We will focus today on R packages - what they are, how to install and use them, and why you would want to. We’ll look especially closely at a package called R Markdown. You’ll use it to produce your lab exercises, starting with this Friday’s lab exercise. Before we look at packages, though, we’ll circle back to Monday’s data exercise and look at the solutions to the tasks it required.
As you saw in Monday’s lesson, functions make R do things. Many functions are included in “base R,” the basic version of R you get when you install R on a computer. Others functions, though, have to be added to R by installing a package. Packages contain “add-on” functions that extend R’s capabilities and make doing things in R easier than they would be in base R.
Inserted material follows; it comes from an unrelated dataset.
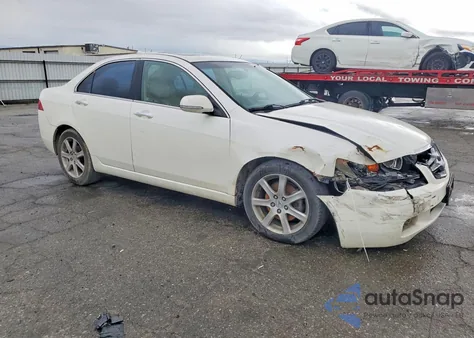 2004 Acura Tsx z USA, uszkodzony, nr VIN JH4CL96804C034738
To see what I mean, use RStudio to run this part of the fair market rent script from Monday’s lesson:
# ----------------------------------------------------------
# Install & load required packages
# ----------------------------------------------------------
if (!require("tidyverse"))
install.packages("tidyverse")
if (!require("gt"))
install.packages("gt")
library(tidyverse)
library(readxl)
library(gt)
# ----------------------------------------------------------
# Download HUD SAFMR Excel file
# ----------------------------------------------------------
download.file(
"https://www.huduser.gov/portal/datasets/fmr/fmr2026/fy2026_safmrs.xlsx",
"rent.xlsx",
mode = "wb"
)
# ----------------------------------------------------------
# Read Excel data
# ----------------------------------------------------------
FMR <- read_xlsx(path = "rent.xlsx", .name_repair = "universal")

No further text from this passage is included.